### Problem requirements:
For each record, copy the text exactly and omit any picture it holds.

### Records shown:
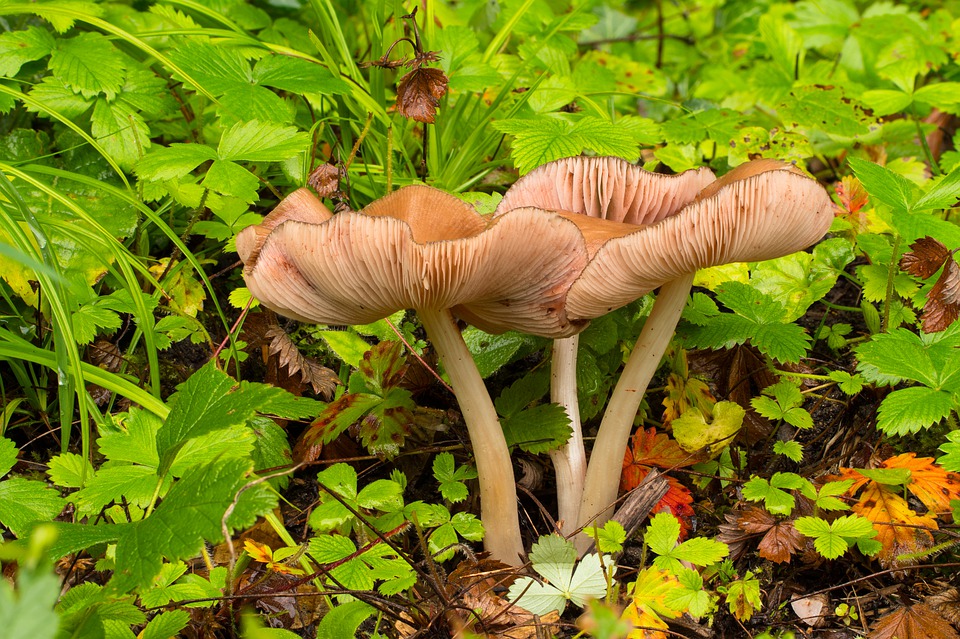 Funghi velenosi e funghi commestibili: come riconoscerli?
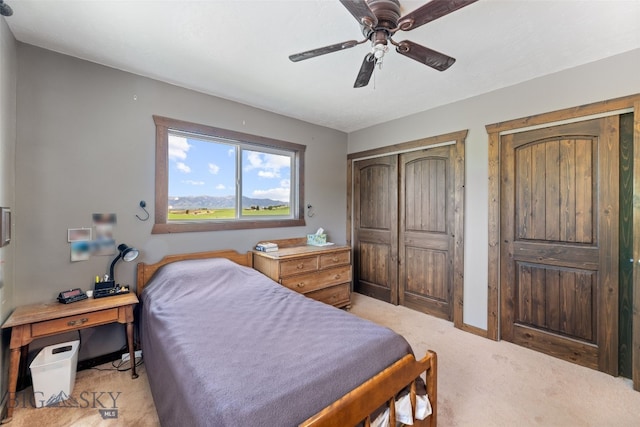 120 N Pine Butte, Bozeman, MT 59718 - bedroom with a closet, light colored carpet, and ceiling fan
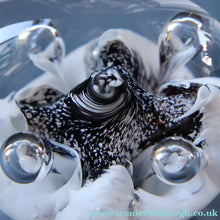 Load image into Gallery viewer, SCOTTISH PAPERWEIGHT: Vintage Caithness Paperweight: MOONFLOWER by Colin Terris. White Version
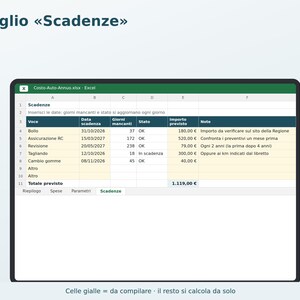 Annual Car Cost Excel in Italian | Car Expenses, Cost per Km, Fuel Consumption, Tax, Insurance, Service, Deadlines image 4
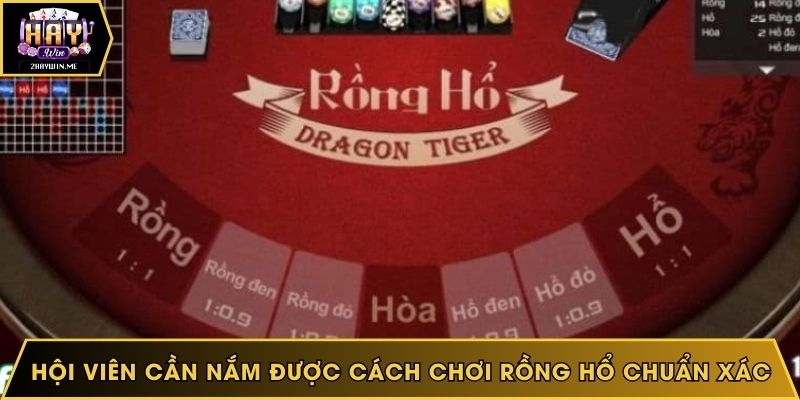 Hội viên cần nắm được cách chơi Rồng Hổ chuẩn xác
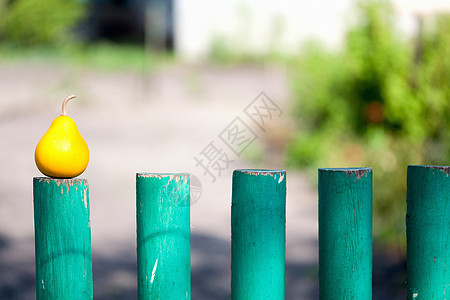 绿木栅栏上的梨子图片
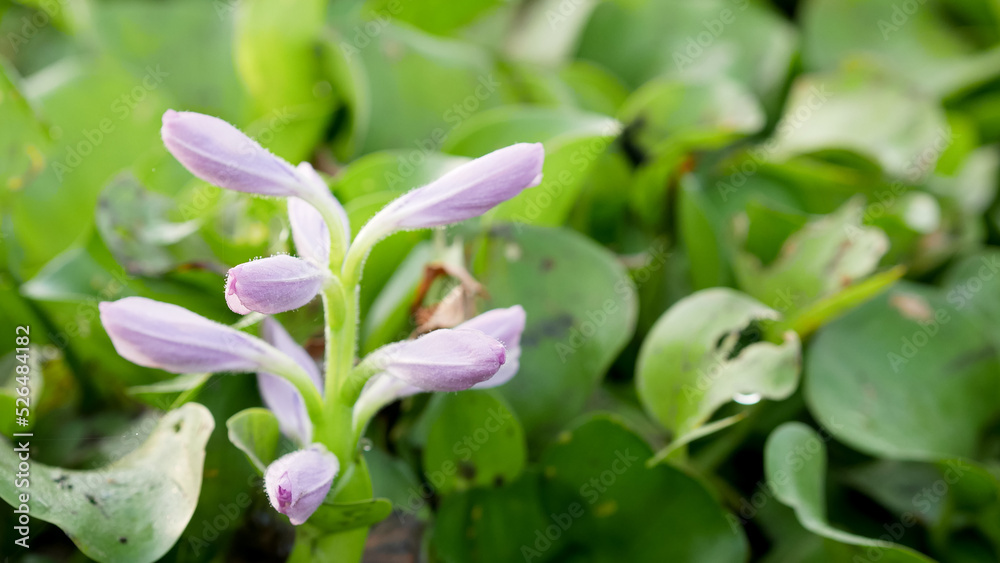 Common water hyacinth or Eichhornia crassipes Common water hyacinth or Eichhornia crassipes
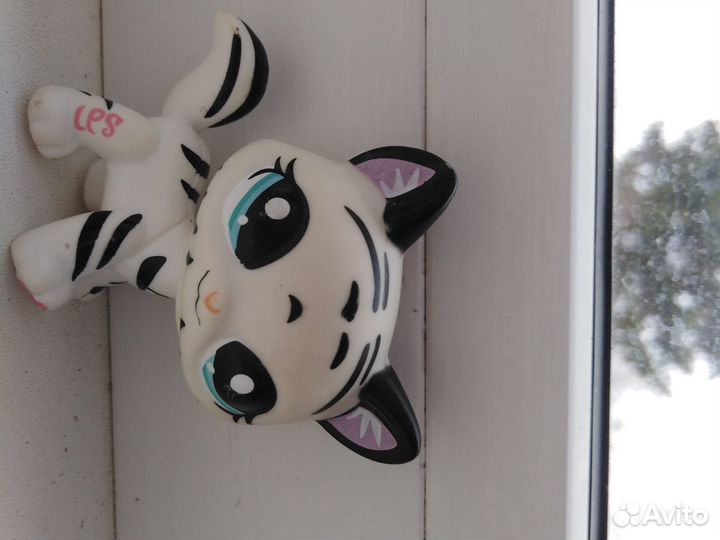 Лпс стоячка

### Exercise result:
 Funghi velenosi e funghi commestibili: come riconoscerli?
 120 N Pine Butte, Bozeman, MT 59718 - bedroom with a closet, light colored carpet, and ceiling fan
 Load image into Gallery viewer, SCOTTISH PAPERWEIGHT: Vintage Caithness Paperweight: MOONFLOWER by Colin Terris. White Version
 Annual Car Cost Excel in Italian | Car Expenses, Cost per Km, Fuel Consumption, Tax, Insurance, Service, Deadlines image 4
 Hội viên cần nắm được cách chơi Rồng Hổ chuẩn xác
 绿木栅栏上的梨子图片
 Common water hyacinth or Eichhornia crassipes Common water hyacinth or Eichhornia crassipes
 Лпс стоячка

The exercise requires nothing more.